Tampa Bay will pick at the 2010 NHL entry draft in Los Angeles, California.

| Round | Pick | Player | Position | Nationality | Club Team |
|---|---|---|---|---|---|
| 1 | 6 | Brett Connolly | RW | Canada | Prince George Cougars (WHL) |
| 3 | 63 (from Florida via Los Angeles) | Brock Beukeboom | D | Canada | Sault Ste.

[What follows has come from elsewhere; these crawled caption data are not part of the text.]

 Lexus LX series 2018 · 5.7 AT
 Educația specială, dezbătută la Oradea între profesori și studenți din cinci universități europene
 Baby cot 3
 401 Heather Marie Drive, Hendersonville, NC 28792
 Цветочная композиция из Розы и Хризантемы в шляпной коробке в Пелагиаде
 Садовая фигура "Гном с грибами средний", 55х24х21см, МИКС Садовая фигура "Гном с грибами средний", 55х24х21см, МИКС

Marie Greyhounds (OHL) |
| 3 | 66 | Radko Gudas | D | Czech Republic | Everett Silvertips (WHL) |
| 3 | 72 (from Anaheim) | Adam Janosik | D | Slovakia | Gatineau Olympiques (QMJHL) |
| 4 | 96 | Geoffrey Schemitsch | D | Canada | Owen Sound Attack (OHL) |
| 4 | 118 (from San Jose) | James Mullin | C/RW | United States | Shattuck-Saint Mary's (USHS-MN) |
| 6 | 156 | Brendan O'Donnell | C | Canada | Winnipeg South Blues (MJHL) |
| 7 | 186 | Teigan Zahn | D | Canada | Saskatoon Blades (WHL) |

== See also ==
- 2010–11 NHL season

== Farm teams ==

=== Norfolk Admirals ===
The Lightnings' American Hockey League affiliate will remain to be the Norfolk Admirals in the 2010–11 season.

=== Florida Everblades ===
The Florida Everblades of the ECHL and the Lightning entered a one-year affiliation agreement for the 2010–11 season on July 29, 2010.